Agritech key to tackling poverty and climate shocks – World Bank

 Agricultural technology is the key to eliminating poverty, meeting food demand and dealing with climate change, according to a new report from the World Bank. 

The 269-page document highlights the fact that nearly 80% of the world’s extreme poor live rurally, most relying on farming for their livelihood. At the same time, climate change and deteriorating natural resources are exacerbating poverty, harvest failures and conflicts.

Precision farming systems, real-time crop management advice and various other agritech innovations will be critical in minimising these risks, but there is an “innovation paradox” , according to the report: research and development (R&D) has been stagnating or falling in the countries that most need it, resulting in a persistent productivity slowdown. 

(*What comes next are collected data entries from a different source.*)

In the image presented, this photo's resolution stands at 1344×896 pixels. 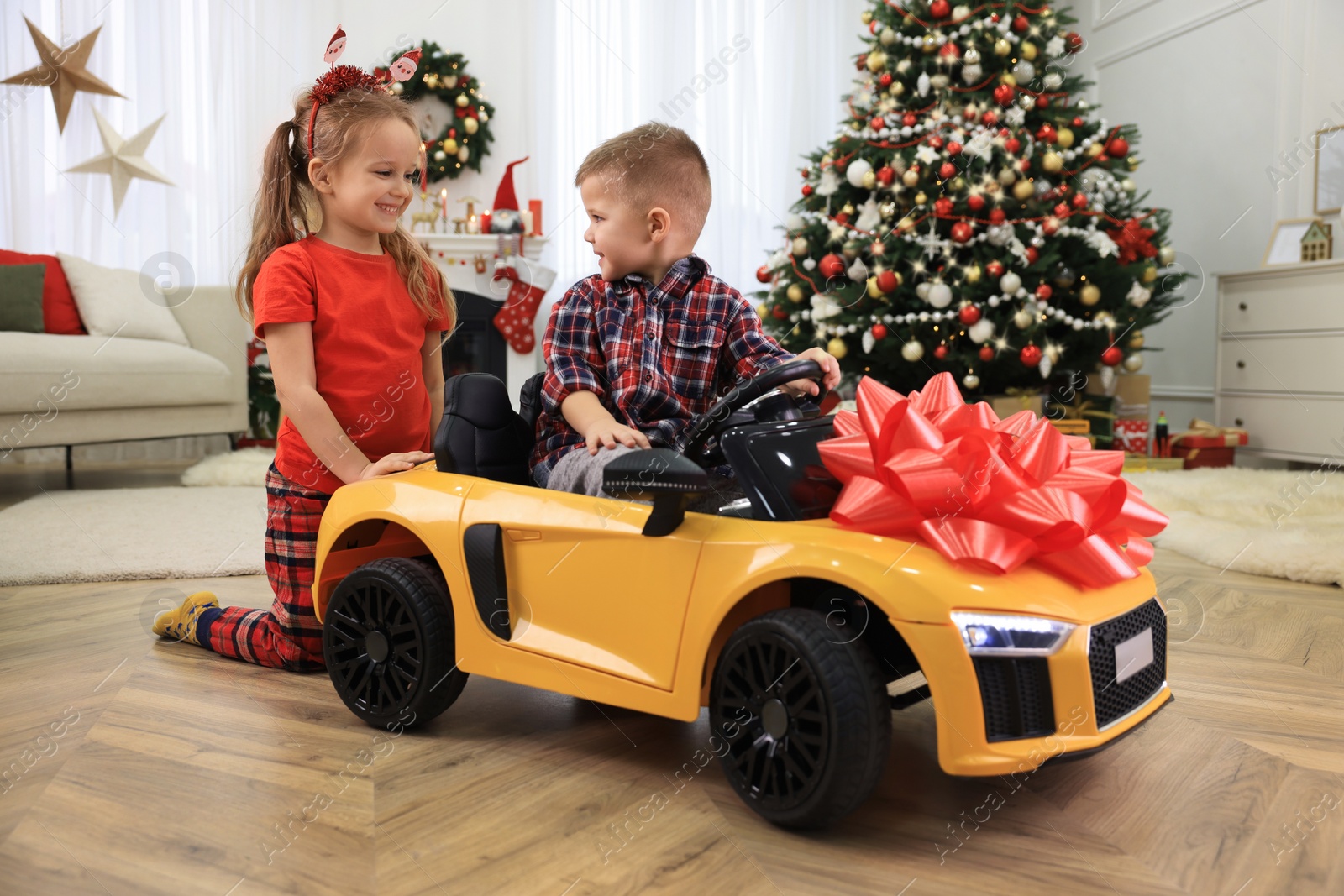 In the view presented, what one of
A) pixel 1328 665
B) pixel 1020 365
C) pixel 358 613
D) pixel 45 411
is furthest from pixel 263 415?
pixel 1328 665

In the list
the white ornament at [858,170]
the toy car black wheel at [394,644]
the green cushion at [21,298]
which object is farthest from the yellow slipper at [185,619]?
the white ornament at [858,170]

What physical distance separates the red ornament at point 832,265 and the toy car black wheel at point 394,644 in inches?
111

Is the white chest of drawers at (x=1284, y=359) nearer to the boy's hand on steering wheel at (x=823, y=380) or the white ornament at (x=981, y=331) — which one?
the white ornament at (x=981, y=331)

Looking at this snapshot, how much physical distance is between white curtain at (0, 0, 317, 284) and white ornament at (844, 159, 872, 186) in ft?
8.79

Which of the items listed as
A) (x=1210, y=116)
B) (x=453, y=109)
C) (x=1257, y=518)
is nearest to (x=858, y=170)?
Result: (x=1257, y=518)

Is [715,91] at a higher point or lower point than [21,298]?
higher

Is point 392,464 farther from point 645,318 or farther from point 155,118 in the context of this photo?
point 155,118

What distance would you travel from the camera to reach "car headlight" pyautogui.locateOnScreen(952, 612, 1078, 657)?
86cm

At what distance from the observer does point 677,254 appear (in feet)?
4.58

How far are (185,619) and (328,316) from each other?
0.60 m

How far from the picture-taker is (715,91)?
505 centimetres

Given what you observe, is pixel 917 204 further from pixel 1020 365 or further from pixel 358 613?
pixel 358 613

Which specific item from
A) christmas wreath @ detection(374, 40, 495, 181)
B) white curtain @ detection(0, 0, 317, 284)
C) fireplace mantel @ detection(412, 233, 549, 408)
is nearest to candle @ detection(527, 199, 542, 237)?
fireplace mantel @ detection(412, 233, 549, 408)

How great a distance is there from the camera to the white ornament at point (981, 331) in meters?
3.54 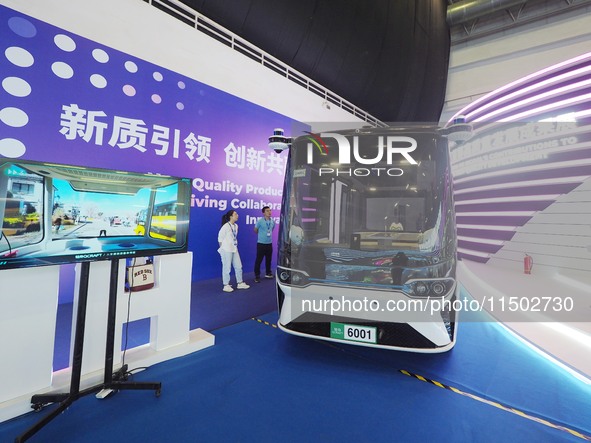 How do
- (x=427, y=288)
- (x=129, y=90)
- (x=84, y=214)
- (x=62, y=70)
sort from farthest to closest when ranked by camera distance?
(x=129, y=90) < (x=62, y=70) < (x=427, y=288) < (x=84, y=214)

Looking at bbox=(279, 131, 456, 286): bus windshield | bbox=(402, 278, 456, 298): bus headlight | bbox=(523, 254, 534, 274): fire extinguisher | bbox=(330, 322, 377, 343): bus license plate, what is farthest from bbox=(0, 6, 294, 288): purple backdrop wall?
bbox=(523, 254, 534, 274): fire extinguisher

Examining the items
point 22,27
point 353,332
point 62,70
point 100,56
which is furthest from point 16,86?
point 353,332

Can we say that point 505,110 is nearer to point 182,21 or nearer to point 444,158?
point 444,158

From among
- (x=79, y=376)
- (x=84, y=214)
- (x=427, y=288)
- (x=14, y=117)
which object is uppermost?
(x=14, y=117)

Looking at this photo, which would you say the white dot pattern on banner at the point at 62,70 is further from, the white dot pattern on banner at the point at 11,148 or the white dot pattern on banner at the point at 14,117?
the white dot pattern on banner at the point at 11,148

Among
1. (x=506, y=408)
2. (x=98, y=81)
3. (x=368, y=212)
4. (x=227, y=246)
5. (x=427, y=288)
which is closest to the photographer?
(x=506, y=408)

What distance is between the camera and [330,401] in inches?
82.6

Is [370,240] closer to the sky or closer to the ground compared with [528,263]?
closer to the sky

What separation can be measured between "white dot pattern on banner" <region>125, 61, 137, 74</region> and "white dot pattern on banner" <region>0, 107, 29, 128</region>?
5.05 ft

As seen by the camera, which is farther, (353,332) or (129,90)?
(129,90)

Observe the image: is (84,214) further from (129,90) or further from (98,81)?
(129,90)

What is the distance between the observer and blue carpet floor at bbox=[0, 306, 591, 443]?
1.76 m

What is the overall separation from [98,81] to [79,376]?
3983 mm

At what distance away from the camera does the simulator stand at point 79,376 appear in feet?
6.00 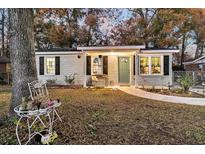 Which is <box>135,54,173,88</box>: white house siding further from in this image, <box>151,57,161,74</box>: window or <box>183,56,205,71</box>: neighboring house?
<box>183,56,205,71</box>: neighboring house

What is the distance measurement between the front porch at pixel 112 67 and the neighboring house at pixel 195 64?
4413mm

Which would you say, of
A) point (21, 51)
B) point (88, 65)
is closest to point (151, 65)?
point (88, 65)

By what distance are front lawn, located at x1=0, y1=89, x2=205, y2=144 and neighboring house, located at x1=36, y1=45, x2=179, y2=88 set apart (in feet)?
16.5

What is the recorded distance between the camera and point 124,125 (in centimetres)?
505

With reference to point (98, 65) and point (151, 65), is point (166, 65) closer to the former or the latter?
point (151, 65)

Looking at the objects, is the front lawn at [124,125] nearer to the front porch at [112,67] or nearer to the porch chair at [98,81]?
the porch chair at [98,81]

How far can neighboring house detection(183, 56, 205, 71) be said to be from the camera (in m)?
14.9

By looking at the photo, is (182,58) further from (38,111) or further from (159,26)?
(38,111)

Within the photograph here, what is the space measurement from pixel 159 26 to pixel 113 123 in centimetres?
1071

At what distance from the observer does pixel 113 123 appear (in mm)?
5180

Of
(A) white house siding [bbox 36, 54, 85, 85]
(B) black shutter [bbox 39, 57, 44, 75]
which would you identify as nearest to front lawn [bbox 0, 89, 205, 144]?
(A) white house siding [bbox 36, 54, 85, 85]

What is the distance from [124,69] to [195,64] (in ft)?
17.5

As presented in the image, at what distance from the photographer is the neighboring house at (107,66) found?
11703mm

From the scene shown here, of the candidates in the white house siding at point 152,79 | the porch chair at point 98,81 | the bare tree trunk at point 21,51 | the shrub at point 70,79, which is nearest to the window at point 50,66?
the shrub at point 70,79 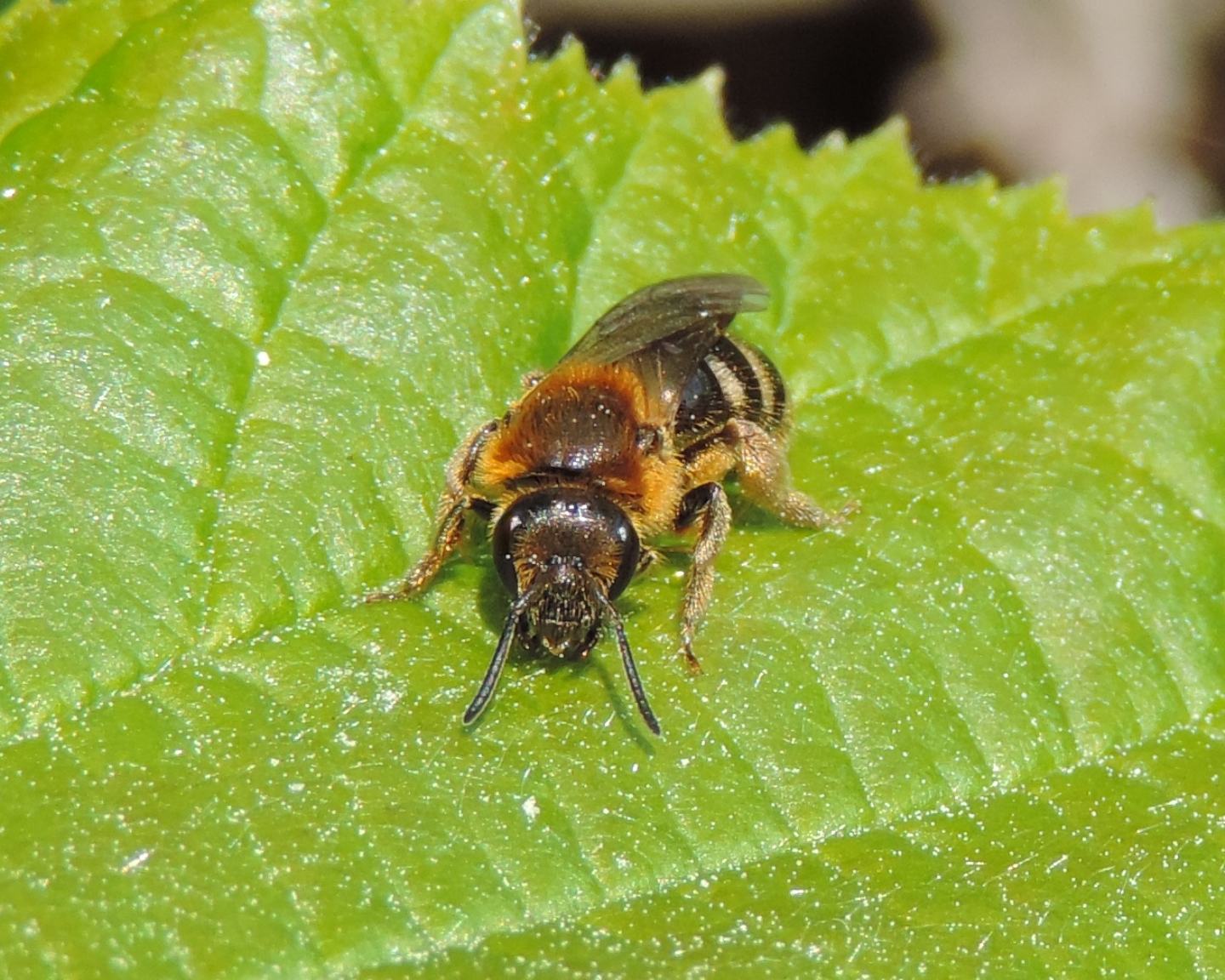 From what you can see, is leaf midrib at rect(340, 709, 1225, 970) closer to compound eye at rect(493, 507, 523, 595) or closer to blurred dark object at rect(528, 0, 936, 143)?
compound eye at rect(493, 507, 523, 595)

In 2011, the developed world spent 3.25% of its agricultural GDP on R&D, compared with 0.52% in developing countries; investment is declining in half of African nations. This is despite innovations allowing farmers to raise yields, manage inputs more efficiently, adopt new crops and production systems, improve product quality, conserve natural resources and adapt to climate shocks. Productivity improvements in agriculture have a larger impact on poverty reduction than any other industry – roughly twice that of manufacturing.

The researchers also highlight that insufficient R&D into communication makes it difficult for farmers to access information, finance and insurance. They encourage the removal of onerous regulations, reduce market participation restrictions and strengthen intellectual property rights to boost R&D spending.

“New technologies are improving access to information, finance and insurance in all sectors,” said Ceyla Pazarbasioglu, World Bank vice president for equitable growth, finance and institutions. “This can help raise the productivity of low-skilled farmers, but only with incentives and capabilities to develop and scale these technologies.”